The mothers’ blood samples were obtained in the first trimester when possible, or in the second trimester if not. Serum total allergen-specific IgE titers were determined in a contract clinical laboratory using immunological assays (ImmunoCAP, Thermo Fisher Scientific, Inc., Sweden). Specific titers were detected for the following allergens: Dermatophagoides pteronyssinus (Der p 1), Japanese cedar, egg white, animal dander (from dogs, cats, guinea pigs, rats, and mice), and moth. High serum total IgE levels were defined as ≥170 IU/mL [28,29]. Positivity for allergen-specific IgE sensitization was defined as allergen-specific IgE ≥ 0.35 UA/mL [30–33]. Only total IgE levels were available to the partners in this cohort.
Statistical analysis
The variables with missing data were shown in Table 1, and 29.94% of mothers and 15.66% of partners had one or more missing values. After stratification by sex (mothers and partners), crude analyses between the abovementioned independent variables and SBS, MCS, and SBS and/or MCS were performed using Fisher’s exact test. Age-adjusted logistic regression models were used to obtain the odds ratios (ORs) of the abovementioned independent variables for SBS, MCS, and SBS and/or MCS (combined outcome, CO). Thus, independent variables were included separately in the age-adjusted logistic regression models, and if the variables had missing values, the total analyzed numbers were reduced.

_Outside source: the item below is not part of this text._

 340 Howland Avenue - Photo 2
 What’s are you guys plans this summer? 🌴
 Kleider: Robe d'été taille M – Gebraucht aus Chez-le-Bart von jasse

Table 1: Sick building syndrome, multiple chemical sensitivity, and related factors among mothers.
Two-sided P-values <0.05 were considered statistically significant. All analyses were performed using Stata statistical software (version 18.0) for Windows (StataCorp, College Station, TX, USA).
Results
The proportions of mothers with SBS, MCS, and CO were 307 (0.33%), 128(0.14%), and 415(0.45%), respectively, while those of their partners were 85 (0.18%), 30 (0.06%), and 112 (0.23%), respectively (Tables 1 and 2).
Table 2: Sick building syndrome, multiple chemical sensitivity, and related factors among partners.
Table 3 shows adjusted ORs for SBS, MCS, and CO among mothers. Parity of one or more was associated with significantly higher ORs for all three outcomes. Compared with ‘never’, ‘previously did, but quit before realizing current pregnancy’ was associated with significantly higher ORs for MCS and CO. Allergic diseases (yes/no, and per number increase), depression, dysautonomia, anxiety disorder, schizophrenia (except for MCS because its OR was not calculable), psychiatric diseases, migraine, autoimmune diseases, digestive diseases, cancer, and kidney diseases were associated with significantly higher ORs for all three outcomes. Dyslipidemia was associated with significantly higher ORs for MCS and CO. K6 score (≥5/ < 5, and per point increase) was associated with significantly higher ORs for all three outcomes. Dichotomous AQ showed no significant results, while continuous AQ (per point increase) was associated with significantly higher ORs for all three outcomes. The highest IPAQ category was associated with significantly higher ORs for all three outcomes, while the second highest IPAQ category was associated with significantly higher ORs for MCS and CO. Per IPAQ score increase was associated with significantly higher OR for all three outcomes. Regarding total and specific IgE levels, almost all allergens were associated with significantly higher ORs for all three outcomes, except for MCS outcome analyses of Der p1, Japanese cedar, and moth IgE levels.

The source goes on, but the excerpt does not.